Stable Diffusion is currently getting all the glory for its impressive ability to generate entire — though perhaps not entirely original — images from text prompts. But its cocreator, a startup called Runway, has since split ways and gone on to release a new generative AI called Gen-1 that's capable of transforming videos into almost any visual style a user wants.

And we don't mean just messing with the color grading, folks. We're talking about taking a video of a guy walking down the street and turning it into a full-blown claymation, or even making a shot of a man trudging in snow look like the original footage of the moon landing. The company calls this approach of using a source video to generate a new one "video to video."

"It's the next step forward in generative AI," the company said in a new demo.

Gen-1 currently boasts five different modes. The first, "stylization," will apply the style of either a still image or even a text prompt to your source video. "Storyboard" will turn mockups into stylized animations, like taking books on a tabletop and transforming them into skyscrapers in a night skyline.

The "mask" mode allows you to quickly isolate and transform a subject even if they're moving, and spruce them up however you prompt it to. "Render" turns untextured 3D models into a finished scene, and finally, "customization" simply gives you fine-tuned control over all of the above.

Movie Magic

This isn't the first AI capable of generating whole videos or even stylistically modifying them.

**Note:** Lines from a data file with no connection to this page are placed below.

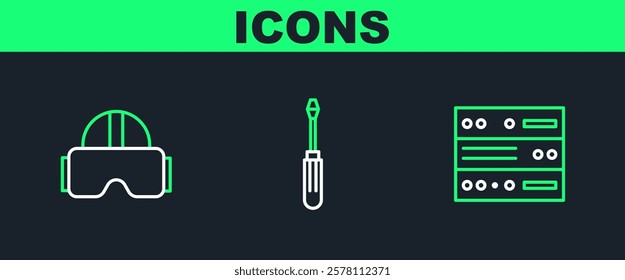 Set line Server, Data, Web Hosting, Virtual reality glasses and Screwdriver icon. Vector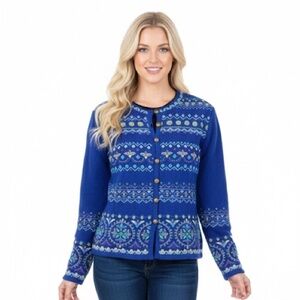 CARSON floral embroidered appliqué knit cardigan size medium lambswool blend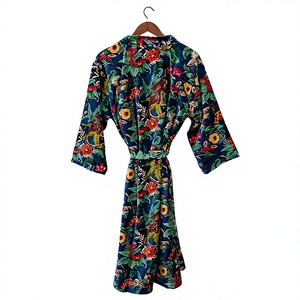 Floral Print Maxi Robe Loose Fit <b>Three</b> Quarter Sleeve Collared Neck Woven Velvet Casual Summer Dressing Gown With Belt - Product Image 1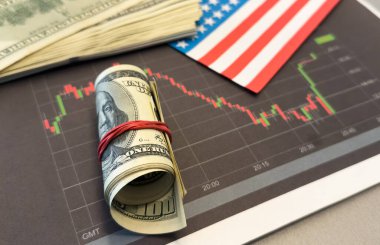 ABD borsa grafiği, ekonomi sorunu, yatırım analizi konsepti ile mali enflasyon krizi. Yüksek kalite fotoğraf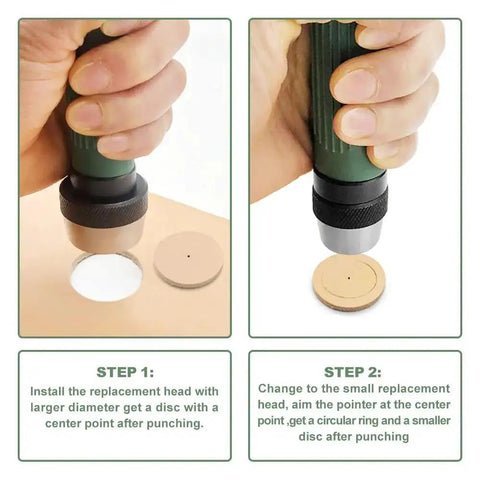 12 In 1 Gasket Punch Set With Sharp Leather Hole Punches And Hollow Punches step-by-step instructions for hole creation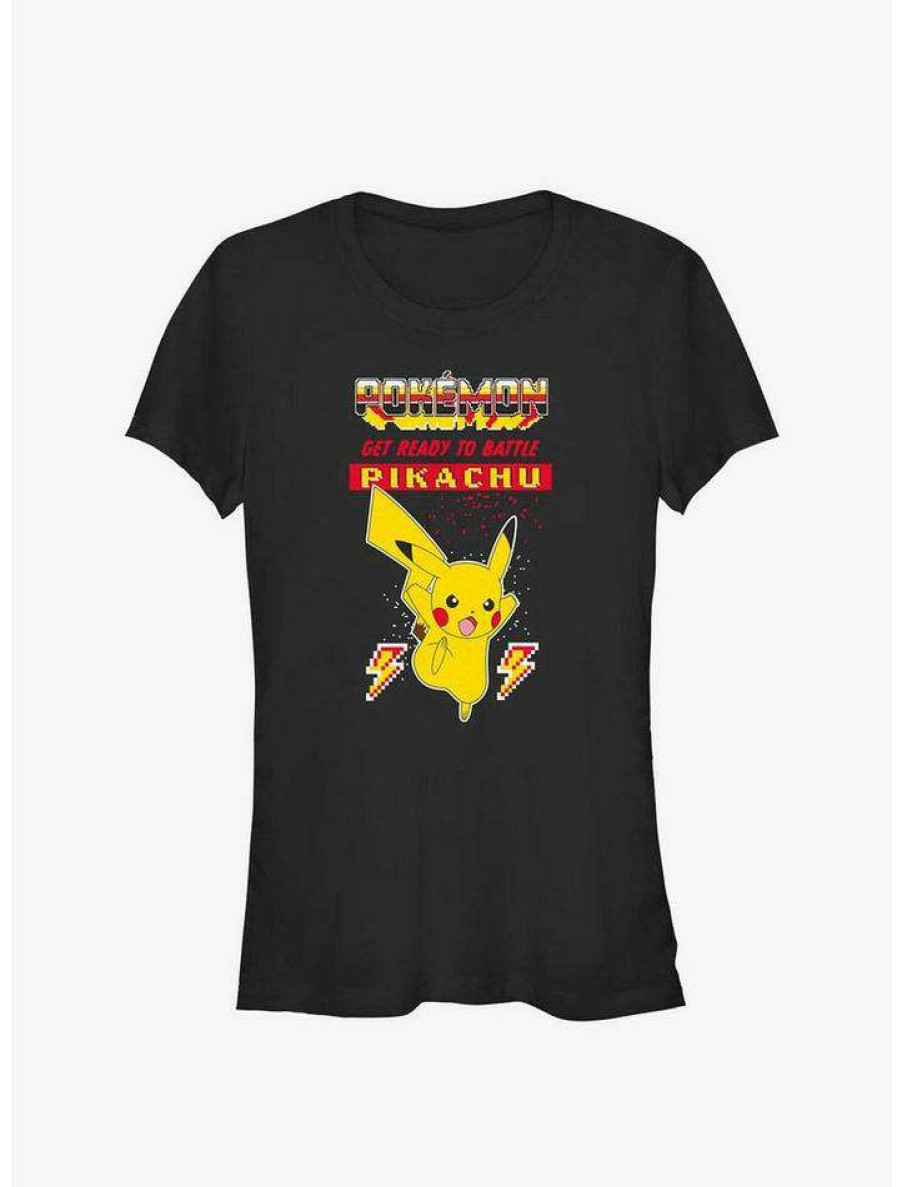 Tees * | Best Reviews Of Pokemon Battle Ready Pikachu Girls T-Shirt Black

But, from what we can tell in the demo, it looks noticeably more impressive, and dare we say, transformative (or at least eye-popping) — although we'll have to wait until it's more widely available in the coming weeks before reaching a final verdict.

According to Runway CEO and cofounder Cristóbal Valenzuela, it's "one of the first models" developed with video makers in mind, capable of generating much longer footage. In fact, some of the company's previous iterations of the technology have already been used in movies like last year's hit "Everything Everywhere All at Once."

"It comes with years of insight about how filmmakers and VFX editors actually work on post-production," Valenzuela told MIT Technology Review.

The startup's CEO even ventures that "we're really close to having full feature films being generated."

"We're close to a place where most of the content you'll see online will be generated," he added.